» SUPPLIED MATERIAL:
※
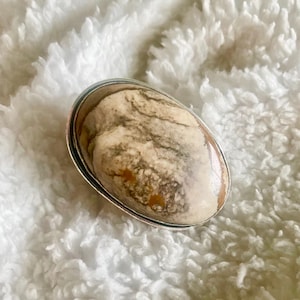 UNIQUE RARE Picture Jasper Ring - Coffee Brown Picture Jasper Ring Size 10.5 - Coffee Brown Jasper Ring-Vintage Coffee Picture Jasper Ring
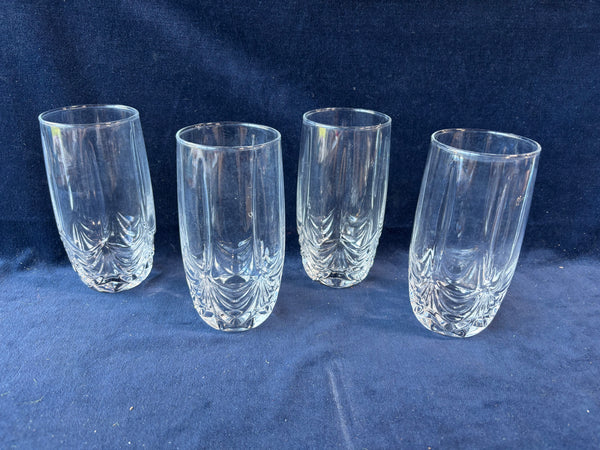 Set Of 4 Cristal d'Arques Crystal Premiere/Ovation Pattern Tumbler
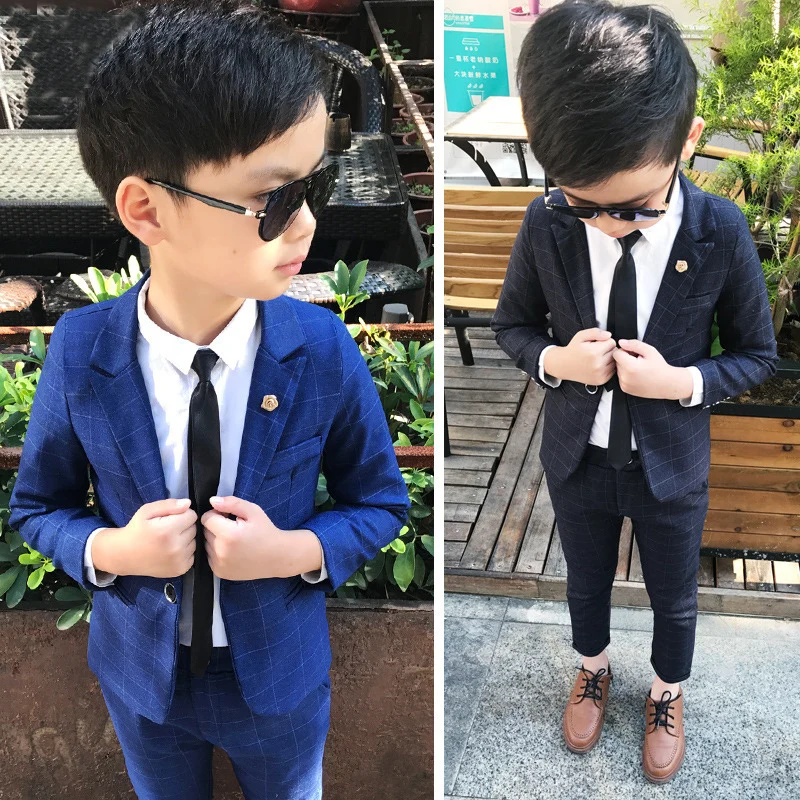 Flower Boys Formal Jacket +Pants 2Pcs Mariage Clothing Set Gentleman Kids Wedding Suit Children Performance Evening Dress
※
» WHAT YOU WILL DO: With the pictures omitted, write out exactly the lines from the one that contains "Set Of 4 Cristal" through the final line of the material above, both ends included.

» ANSWER SPACE:
 Set Of 4 Cristal d'Arques Crystal Premiere/Ovation Pattern Tumbler
 Flower Boys Formal Jacket +Pants 2Pcs Mariage Clothing Set Gentleman Kids Wedding Suit Children Performance Evening Dress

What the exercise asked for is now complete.